[Work to complete]
Below is a listing; print exactly its lines from the one containing "奶油风岩板餐桌椅家用小户型现" down to the one containing "Sofás Home Seccional", both inclusive, with every picture left out.

[Available data]

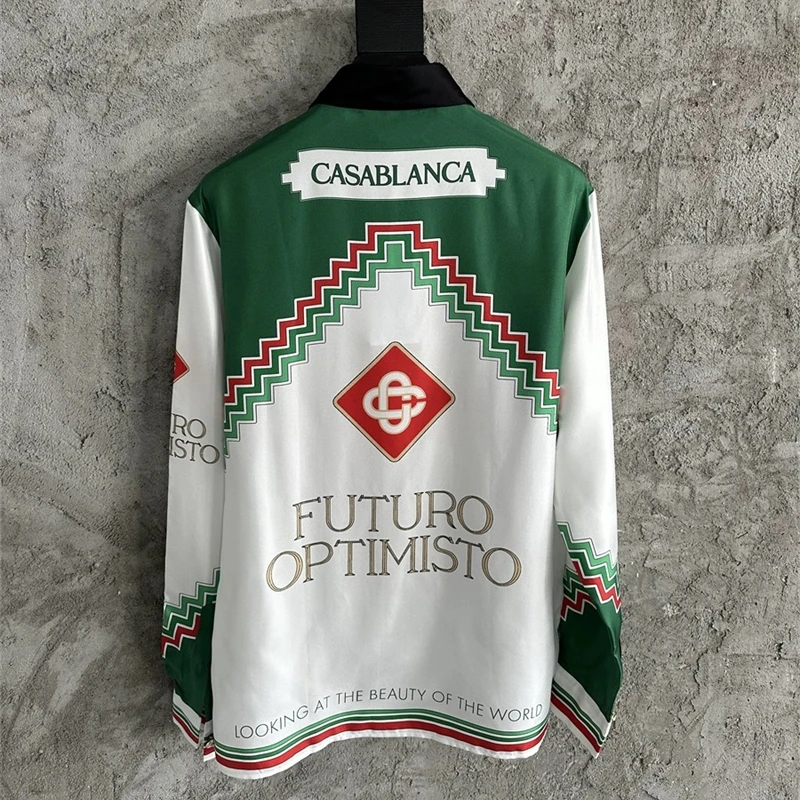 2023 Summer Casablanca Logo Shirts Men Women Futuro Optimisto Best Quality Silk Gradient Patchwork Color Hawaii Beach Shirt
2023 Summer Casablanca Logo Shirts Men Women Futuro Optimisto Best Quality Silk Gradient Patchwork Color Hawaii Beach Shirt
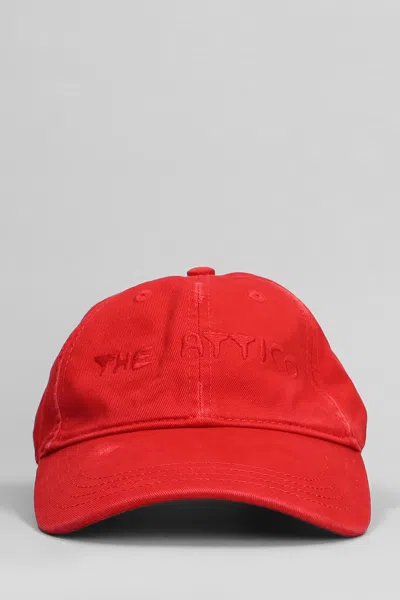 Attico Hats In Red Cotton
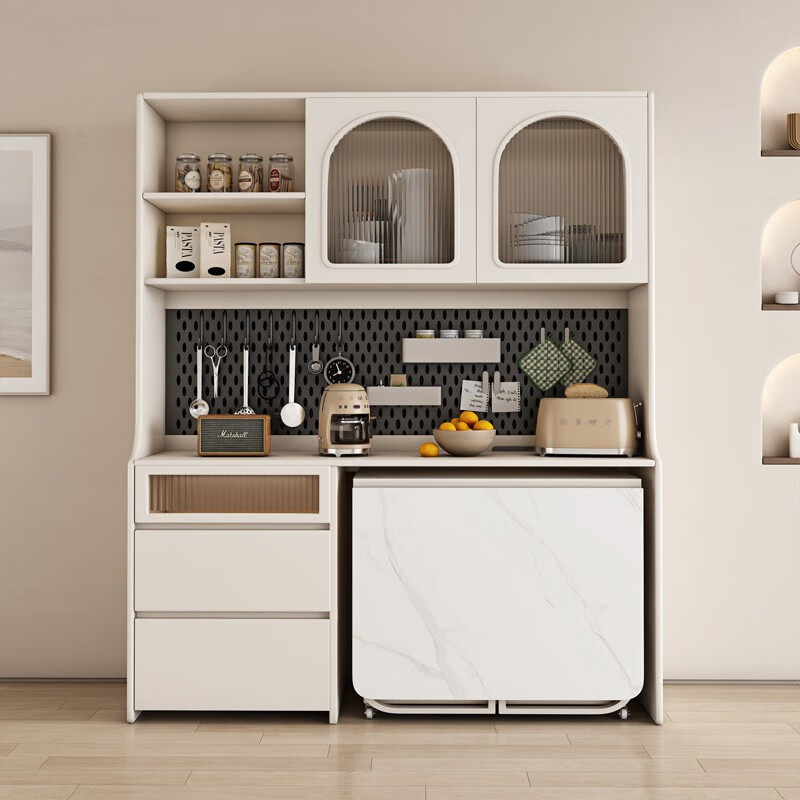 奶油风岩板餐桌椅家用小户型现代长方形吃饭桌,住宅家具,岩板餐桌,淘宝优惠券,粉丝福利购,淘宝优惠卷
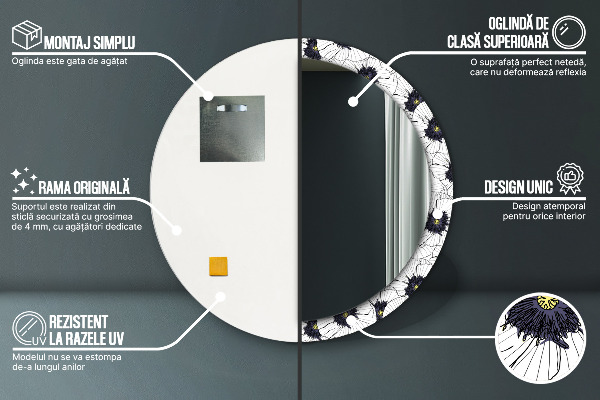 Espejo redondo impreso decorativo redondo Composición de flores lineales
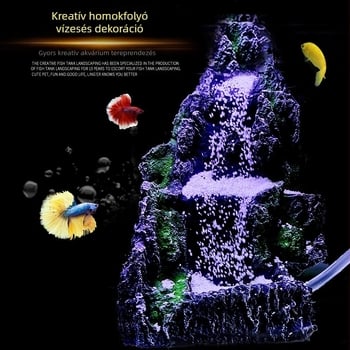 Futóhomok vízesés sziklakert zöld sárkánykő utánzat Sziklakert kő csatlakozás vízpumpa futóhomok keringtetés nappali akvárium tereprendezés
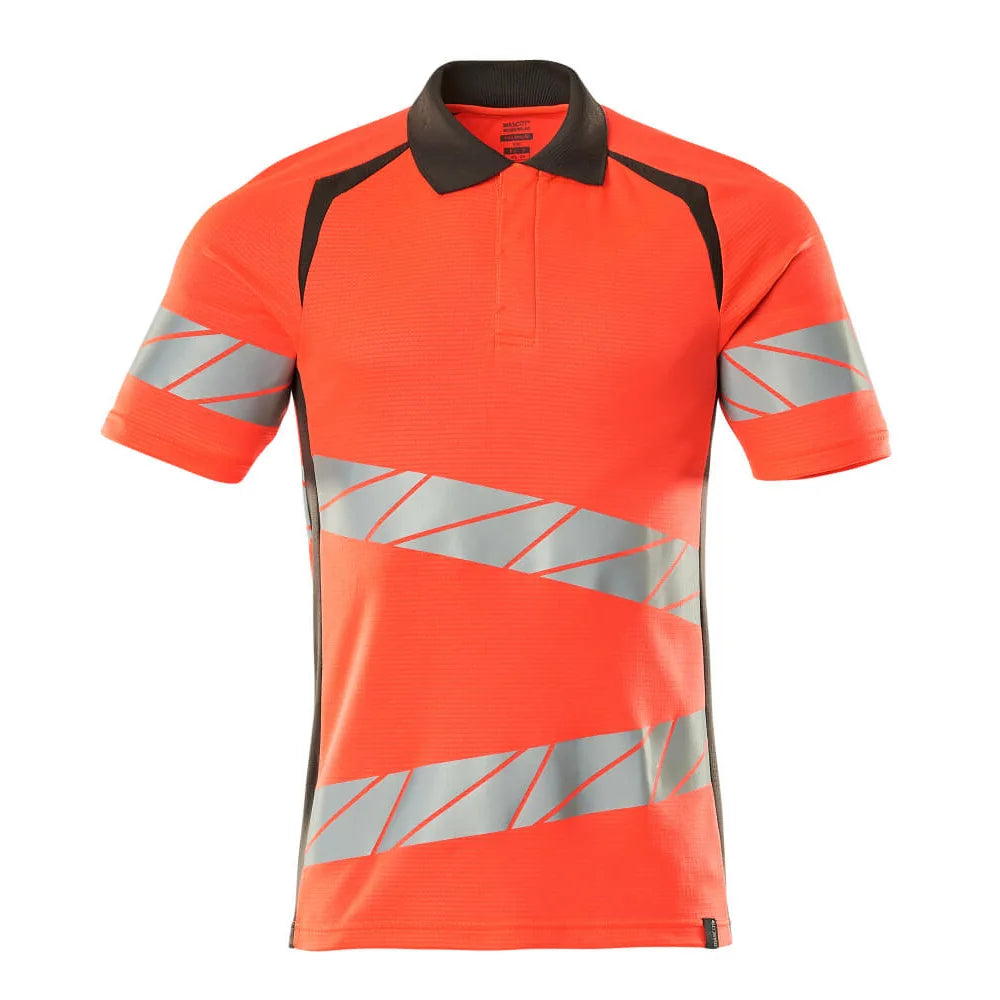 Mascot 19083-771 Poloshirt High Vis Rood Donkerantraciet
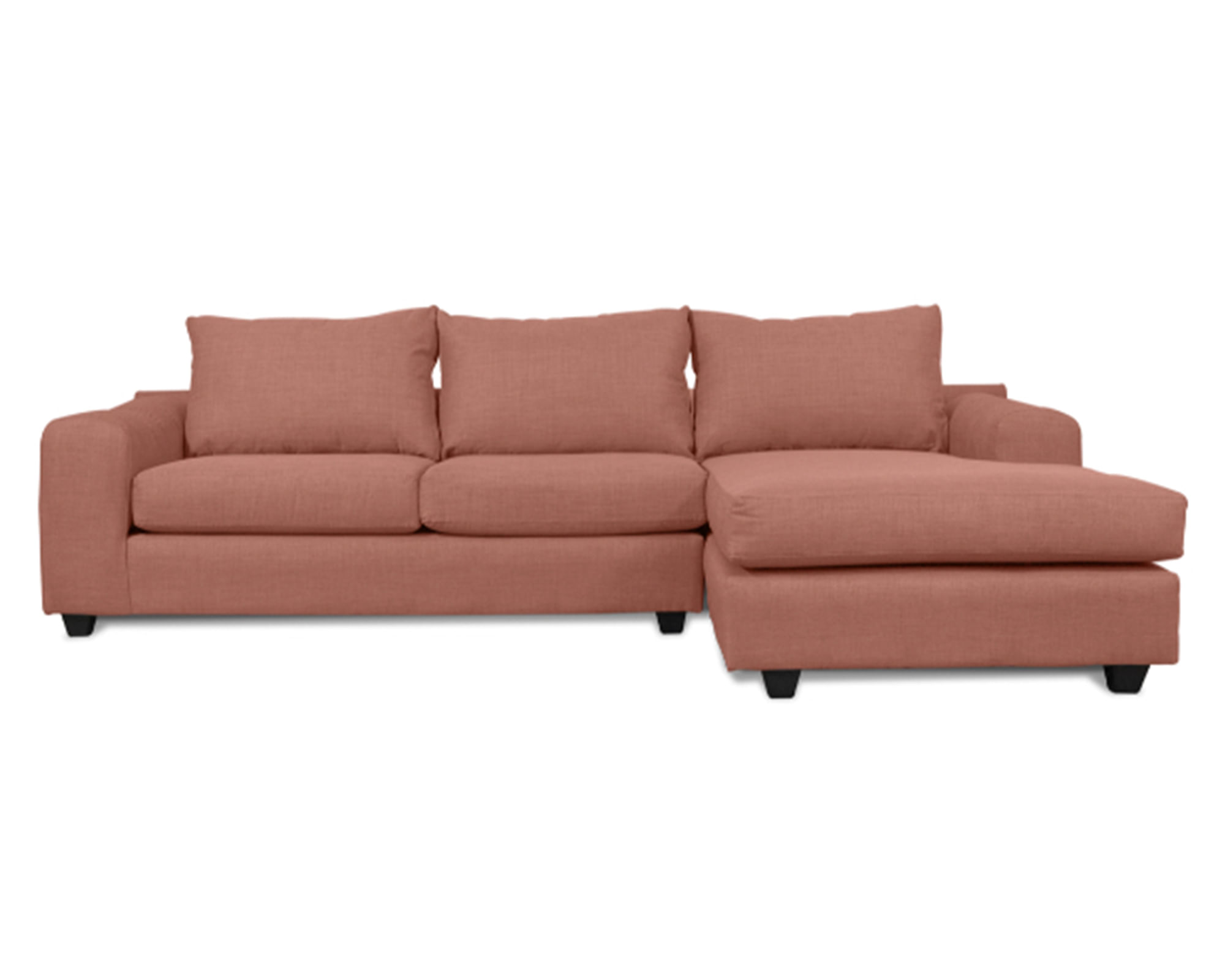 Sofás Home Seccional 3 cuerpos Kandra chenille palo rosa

...

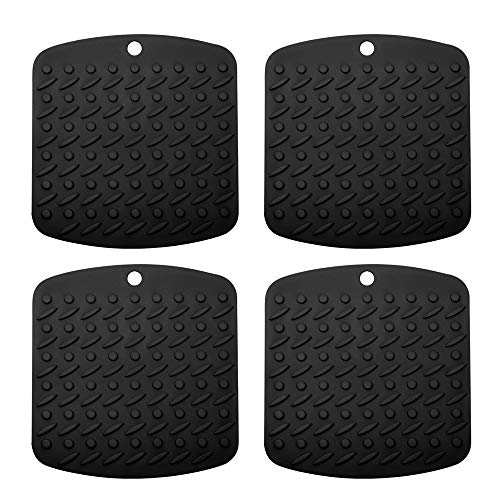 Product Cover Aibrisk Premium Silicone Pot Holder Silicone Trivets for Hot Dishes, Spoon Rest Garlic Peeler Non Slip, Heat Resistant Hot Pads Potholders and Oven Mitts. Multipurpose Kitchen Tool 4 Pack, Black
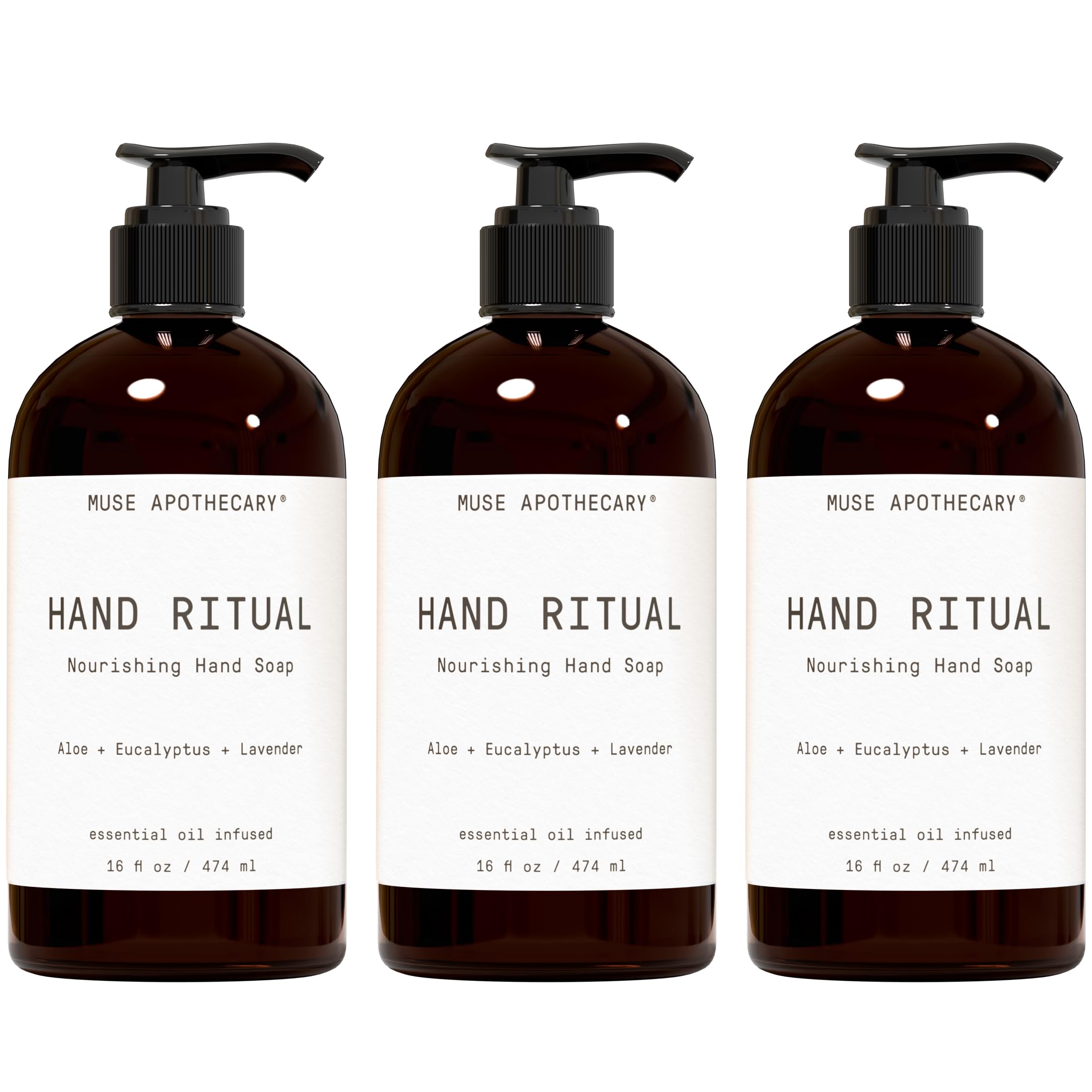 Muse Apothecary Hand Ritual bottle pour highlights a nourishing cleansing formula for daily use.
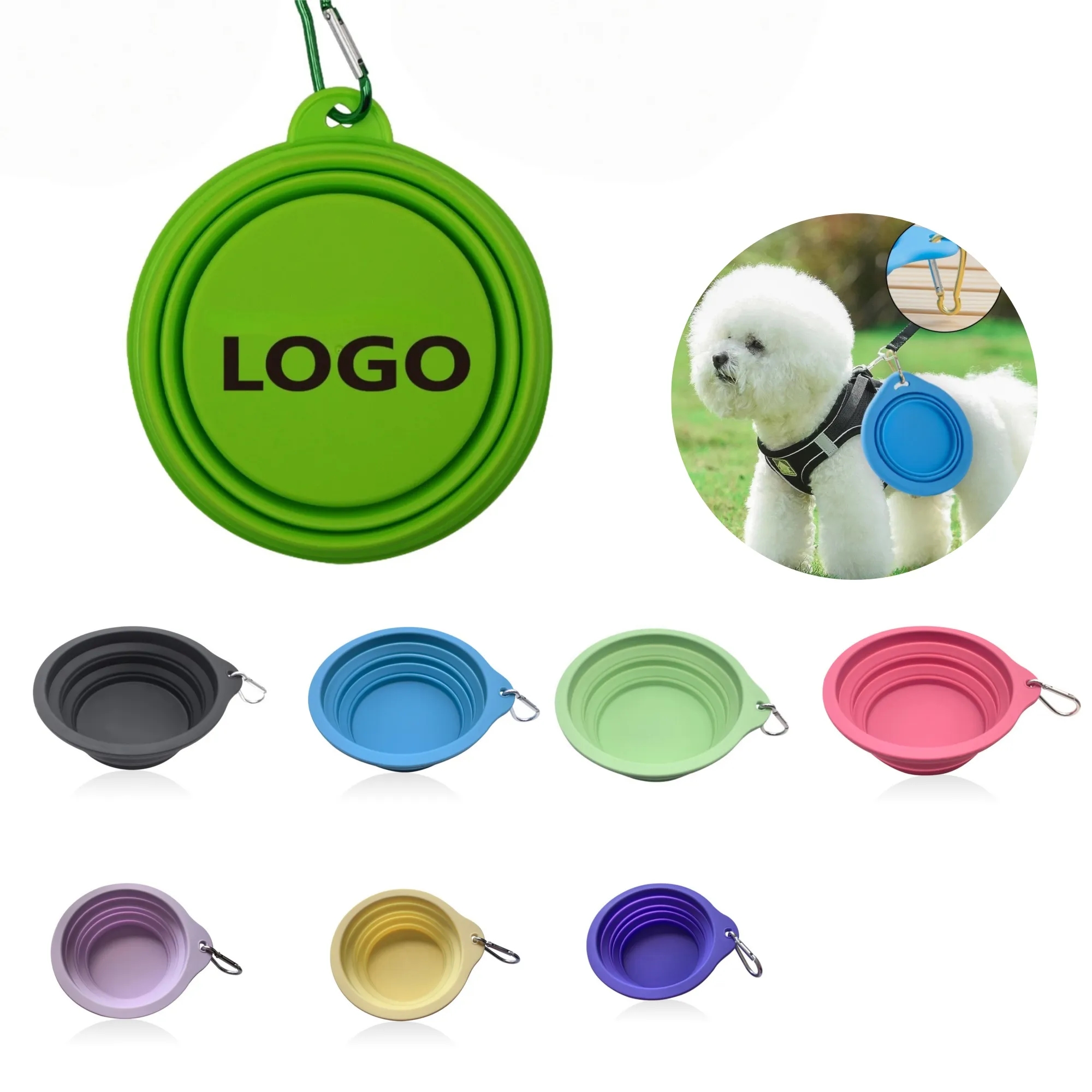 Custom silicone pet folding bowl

[Exercise solution]
 奶油风岩板餐桌椅家用小户型现代长方形吃饭桌,住宅家具,岩板餐桌,淘宝优惠券,粉丝福利购,淘宝优惠卷
 Espejo redondo impreso decorativo redondo Composición de flores lineales
 Futóhomok vízesés sziklakert zöld sárkánykő utánzat Sziklakert kő csatlakozás vízpumpa futóhomok keringtetés nappali akvárium tereprendezés
 Mascot 19083-771 Poloshirt High Vis Rood Donkerantraciet
 Sofás Home Seccional 3 cuerpos Kandra chenille palo rosa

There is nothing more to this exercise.